Data in this exercise →
^^^^^^^^^^^^^^^^

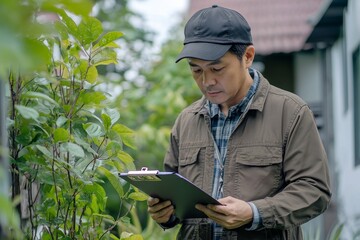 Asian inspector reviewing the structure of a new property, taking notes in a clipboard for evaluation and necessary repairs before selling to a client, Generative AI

^^^^^^^^^^^^^^^^

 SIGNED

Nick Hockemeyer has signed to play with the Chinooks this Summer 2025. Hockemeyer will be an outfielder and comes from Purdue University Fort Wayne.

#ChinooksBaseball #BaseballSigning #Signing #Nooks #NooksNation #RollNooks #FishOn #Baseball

^^^^^^^^^^^^^^^^

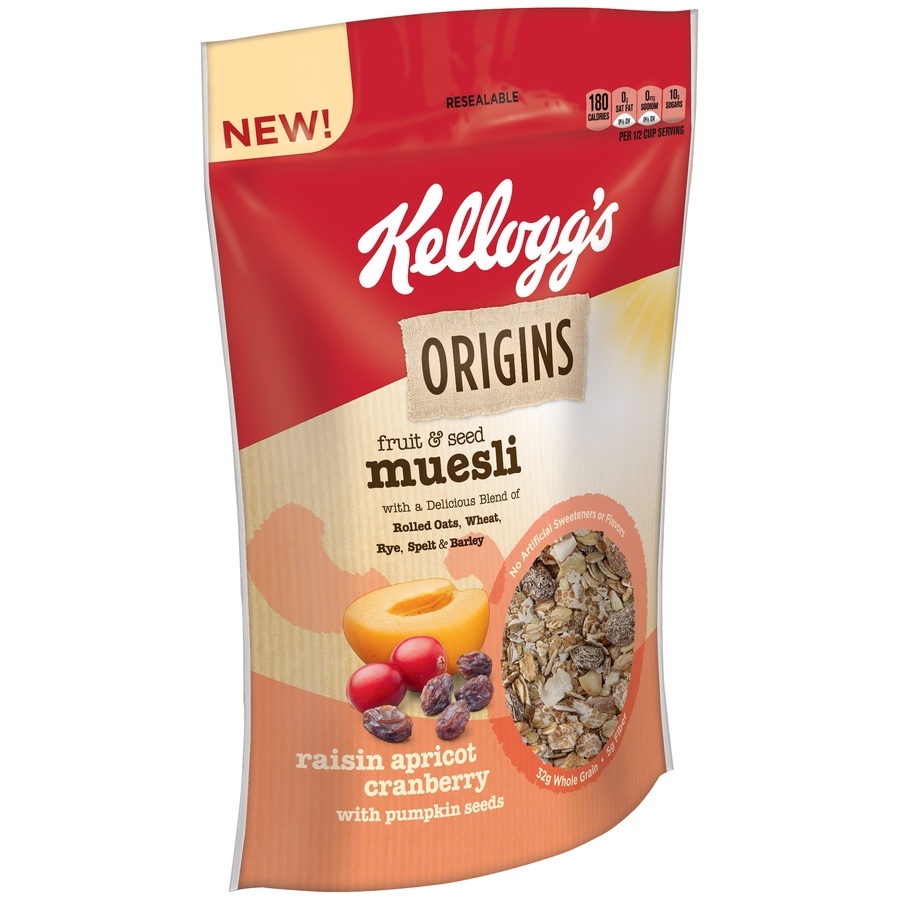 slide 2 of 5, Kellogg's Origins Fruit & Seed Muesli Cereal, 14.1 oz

^^^^^^^^^^^^^^^^

What you are asked to do →
Your answer should be the lines above, from the line containing "Nick Hockemeyer has" up to and including the line containing "#ChinooksBaseball #BaseballSigning #Signing", reproduced exactly and with nothing else.

Finished task →
Nick Hockemeyer has signed to play with the Chinooks this Summer 2025. Hockemeyer will be an outfielder and comes from Purdue University Fort Wayne.

#ChinooksBaseball #BaseballSigning #Signing #Nooks #NooksNation #RollNooks #FishOn #Baseball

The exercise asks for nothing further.